January 06, 2005

Belief Over Proof

There's a fascinating article over at the World Question Center - about what various notable thinkers believe but cannot prove (or consider to be currently unprovable).

There's some good stuff there, and some disturbing stuff (to me). Most of the disturbing stuff is along the lines of scientists scoffing at the role of emotion in decision making.

But here's the most disturbing one I've found yet, by Susan Blackmore:

It is possible to live happily and morally without believing in free will. As Samuel Johnson said "All theory is against the freedom of the will; all experience is for it." With recent developments in neuroscience and theories of consciousness, theory is even more against it than it was in his time, more than 200 years ago. So I long ago set about systematically changing the experience. I now have no feeling of acting with free will, although the feeling took many years to ebb away.

But what happens? People say I'm lying! They say it's impossible and so I must be deluding myself to preserve my theory. And what can I do or say to challenge them? I have no idea—other than to suggest that other people try the exercise, demanding as it is.

When the feeling is gone, decisions just happen with no sense of anyone making them, but then a new question arises—will the decisions be morally acceptable? Here I have made a great leap of faith (or the memes and genes and world have done so). It seems that when people throw out the illusion of an inner self who acts, as many mystics and Buddhist practitioners have done, they generally do behave in ways that we think of as moral or good. So perhaps giving up free will is not as dangerous as it sounds—but this too I cannot prove.

As for giving up the sense of an inner conscious self altogether—this is very much harder. I just keep on seeming to exist.

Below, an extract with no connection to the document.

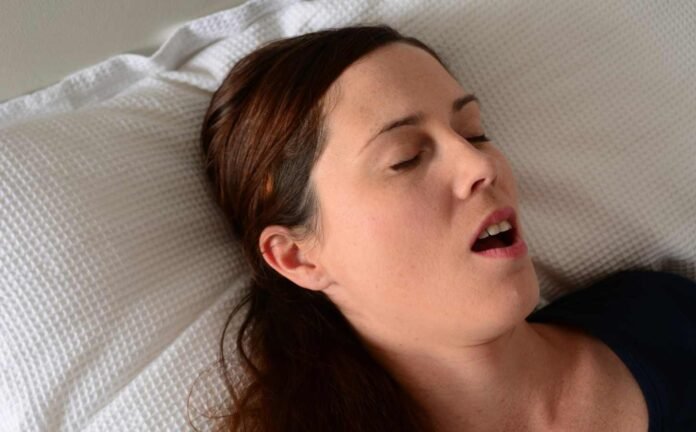 A woman in a black t-shirt in a bed with white sheets and pillow, asleep and snoring.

But though I cannot prove it—I think it is true that I don't.


Posted by Curt at January 6, 2005 01:08 AM
Comments

That is indeed frightening. As long as people believe that dropping off, condemning and squelching parts of ourselves is the path to enlightenment, healing or a better self, we are in for some real trouble. Healing and wholeness can only happen- by definition- through evolving, integration, acceptance and bringing all of ourselves within love and compassion. Since when has condemnation ever solved anything?